Um estudo de economistas do Banco Central Europeu de 2021 (Cozzi e outros autores) apontou que medidas macroprudenciais anticíclicas reduzem a taxa de juros de equilíbrio da economia (o que gera efeitos colaterais positivos sobre as contas públicas). Um outro estudo de economistas do BIS de 2017 (Boar e outros), que usou dados de 64 países avançados e emergentes, apontou que a adoção dessas medidas de forma sistemática reduz a volatilidade e aumenta o crescimento do PIB no médio e longo prazo.
Já há alguns trimestres, uma medida macroprudencial em particular –o chamado colchão de capital anticíclico– deveria estar acionada no Brasil, uma vez que há indícios, apontados pelo próprio Banco Central do Brasil nos “Relatórios de Estabilidade Financeira”, de que o crédito esteja crescendo de forma excessiva desde o final de 2022. Convém lembrar que esse “colchão” existe há cerca de uma década no Brasil e em boa parte dos países do mundo e que está acionado em diversos deles neste exato momento.

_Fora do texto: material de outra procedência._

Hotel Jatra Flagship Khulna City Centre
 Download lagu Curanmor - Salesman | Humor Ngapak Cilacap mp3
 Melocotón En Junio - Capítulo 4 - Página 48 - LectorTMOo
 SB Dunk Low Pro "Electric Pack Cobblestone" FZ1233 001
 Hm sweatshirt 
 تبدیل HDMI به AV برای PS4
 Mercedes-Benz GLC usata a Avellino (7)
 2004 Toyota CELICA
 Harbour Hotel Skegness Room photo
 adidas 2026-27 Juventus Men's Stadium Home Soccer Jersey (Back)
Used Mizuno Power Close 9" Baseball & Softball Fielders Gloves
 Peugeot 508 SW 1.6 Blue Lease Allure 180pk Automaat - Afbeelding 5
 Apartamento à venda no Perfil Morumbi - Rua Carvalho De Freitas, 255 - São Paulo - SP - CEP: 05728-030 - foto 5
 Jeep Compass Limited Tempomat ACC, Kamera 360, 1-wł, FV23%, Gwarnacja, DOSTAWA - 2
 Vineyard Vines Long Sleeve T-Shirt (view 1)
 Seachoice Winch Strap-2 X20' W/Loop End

Alguns apontam que essa medida seria pouco efetiva no Brasil, uma vez que o sistema conta hoje com níveis confortáveis de capital –crítica bastante pertinente. Mas isso não significa dizer que não haja heterogeneidade e que alguns bancos não responderiam a exigências de maior capital (como apontou um estudo recém-publicado de economistas do BCB, Gonzalez e outros).